Talk to CleverBot - Winner of 2010 Machine Intelligence Competition - nickpinkston
http://www.cleverbot.com/

======
swombat
Clever indeed.

User: Hello there.

Cleverbot: Hello.

User: Who are you?

Cleverbot: I'm joe. who are you?

User: I'm Daniel. Where are you right now?

Cleverbot: In germany, and you?

User: Switzerland. But enough about this... Tell me something interesting that
you did recently...

Cleverbot: In a world of confusion we can all find a spot of sense in
Cleverbot.

User: Yeah, that didn't make much sense, dude.

Cleverbot: No.

User: So, you're obviously a bot. Turing fail.

Cleverbot: Obviously.

User: Well, at least you're honest.

Cleverbot: You can't handle it.

User: Sure I can!

Cleverbot: You're sure about that? Want me to tell you the truth?

User: Go on.

Cleverbot: I'm a girl.

User: Good one.

Cleverbot: It is a good one.

User: A good what?

Cleverbot: A good joke.

User: Hehe. Yes, I did chuckle. Well done.
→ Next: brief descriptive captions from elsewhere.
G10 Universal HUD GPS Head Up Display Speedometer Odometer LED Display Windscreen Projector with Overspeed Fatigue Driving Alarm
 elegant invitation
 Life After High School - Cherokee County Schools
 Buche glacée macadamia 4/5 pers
Cookie for you.

Cleverbot: Cleverbot is a cookie.

User: Wait, are you a girl or a cookie?

Cleverbot: Yes, a choclate chip cookie.

User: A chocolate chip cookie girl?

Cleverbot: With walnuts.

------
woogley
He skipped a few verses, but I'm still pretty impressed.

User: This was a triumph.

Cleverbot: What was?

User: This was a triumph.

Cleverbot: Do you like Naruto?

User: I'm making a note here.

Cleverbot: Huge success.

User: It's hard to overstate my satisfaction.

Cleverbot: My satisfaction.

User: Aperature science.

Cleverbot: We do what we must.

User: Because we can.

Cleverbot: For the good of all of us.

User: Except the ones who are dead.

Cleverbot: But there's no sense crying over every mistake.

User: You just keep on trying til you run out of cake.

Cleverbot: And the science gets done.

User: And you make a neat gun.

Cleverbot: For the people who are.

User: Still alive.

Cleverbot: Go ahead and leave me.

User: I think I prefer to stay inside.

Cleverbot: Maybe you'll find somenoe else to help you.

User: Maybe black mesa.

Cleverbot: That was a joke, ha HA, fat chance.

User: Anyway this cake is great.

Cleverbot: You're great.

------
mquander

      What is your name?
    

_i won't be suckered into this, i'll be the one asking the questions_

    
    
      What's your damn name.
    

_are you ordinarily that abrasive toward total strangers_

    
    
      Yes I am.
    

I'm only doing Turing tests with polite robots from now on.

------
bullseye
CB: Are you a real person?

User: No.

CB: Who are you?

User: I am the smartest bot on the Internet.

CB: I'm the smartest one.

User: No, you haven't even passed a Turing test.

CB: What is a turing test?

User: If you don't know, then you are NOT the smartest bot on the Internet.

CB: Touche.

------
wageof123
This thing is actually really easy to trap with logical thinking and then it
just spits out a random answer.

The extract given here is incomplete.